Following a training at the Karolinska Institute in Stockholm, a team of scientists at ULg’s GIGA, combining expertise in histology, NGS, imaging, and bioinformatics, is implementing Spatial Transcriptomics as a new service of GIGA-Technology platforms.
The advent of Next Generation Sequencing (NGS) technologies has boosted genomic sciences to unprecedented perspectives with the characterization of an impressive number of genomes for various organisms and individuals, healthy or affected. NGS technologies have also been extensively used to determine transcriptomic signatures for specific tissues or in particular conditions. So far, these strategies have mostly been applied to tissues or organs, which usually correspond to complex mixtures of very different types of cells. Although very informative already, such “bulk” sequencing however prevents from apprehending the cellular complexity and from identifying subtle modifications happening in specific cell types, conditions or locations in a tissue. Over the past couple of years have emerged technologies enabling to overcome these limitations: single cell RNA sequencing (scRNA-seq) and Spatial Transcriptomics.

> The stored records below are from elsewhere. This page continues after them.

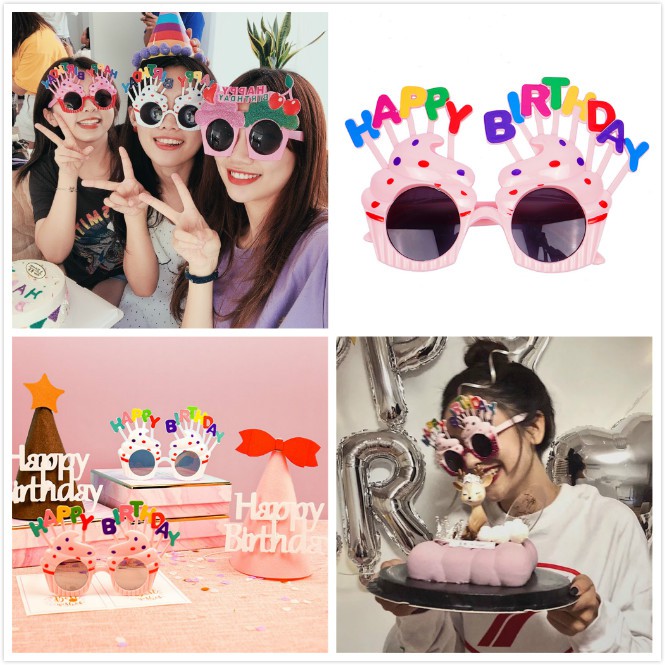 Kính mát kiểu dáng retro vui nhộn với 4 phong cách lựa chọn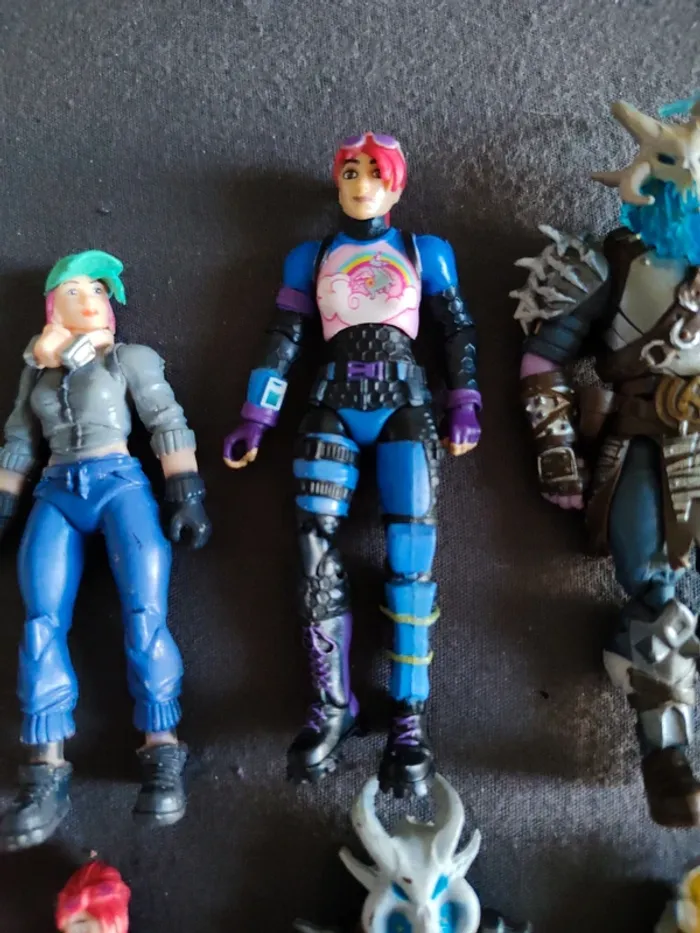 Figurine fortnite - photo numéro 8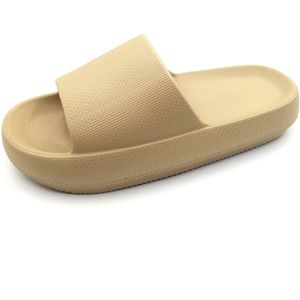 Slippers Vrouwen Dikke Zolen Zomer Badkamer Koreaanse Stijl Eva Antislip Slijtvaste Mens House slippers Schoenen Vrouw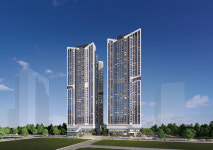 희소가치 높은 역세권 브랜드 주거형 오피스텔 힐스테이트 둔산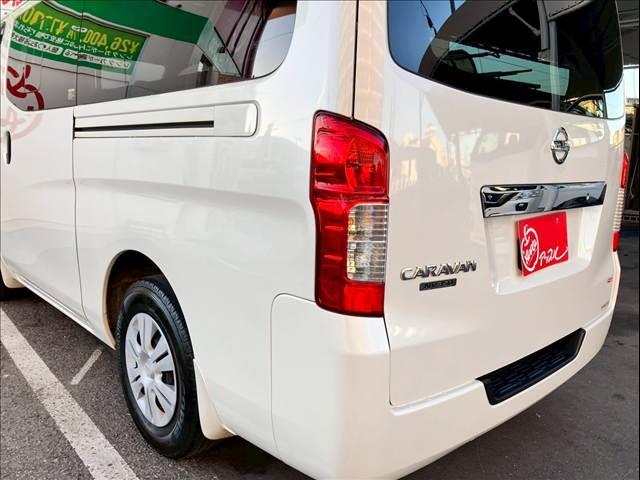 ＮＶ３５０キャラバンバン ロングＤＸターボＥＸパッケージ　エマージェンシーブレーキ　ＥＴＣ　ＶＤＣ　ＡＭ／ＦＭオーディオ　両側スライド　パワーステアリング　パワーウィンドウ（前席）　エアバック　３／６人乗り　ディーゼル（69枚目）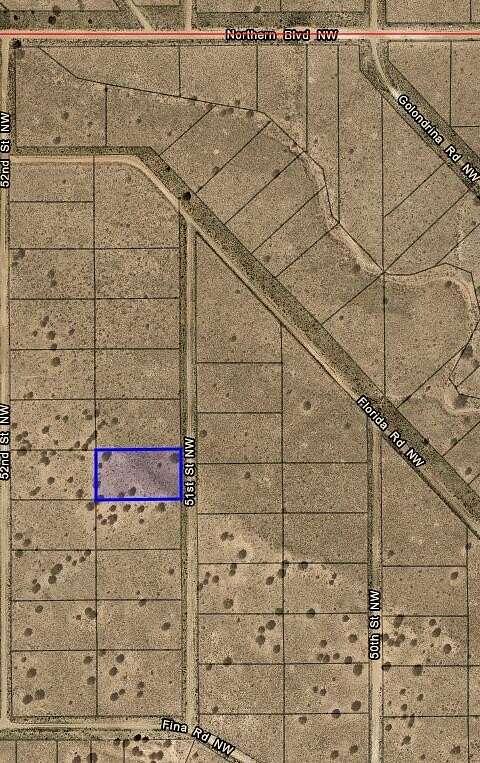 1 Acre of Land for Sale in Rio Rancho, New Mexico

In scRNA-seq, cells from a complex heterogeneous mixture are first isolated by capture in micro-wells or through encapsulation in micro-droplets using microfluidic devices (Gawad C. et al., Nature reviews: genetics, 17, 175-188. (2016)). Thousands of cells can then be sequenced in parallel thanks to the incorporation during cDNA synthesis of cell-specific DNA barcodes as well as unique molecular identifiers. Once traced back to their originating cells, the sequencing reads can be used to identify the different cell types present in the initial mixture irrespective of any preconceived composition. Given the increasing popularity of scRNA-seq, several alternatives have been developed and commercialized. The GIGA-Genomics platform has acquired a 10X Chromium System enabling to generate transcriptomic profiles for thousands of single cells in a single run.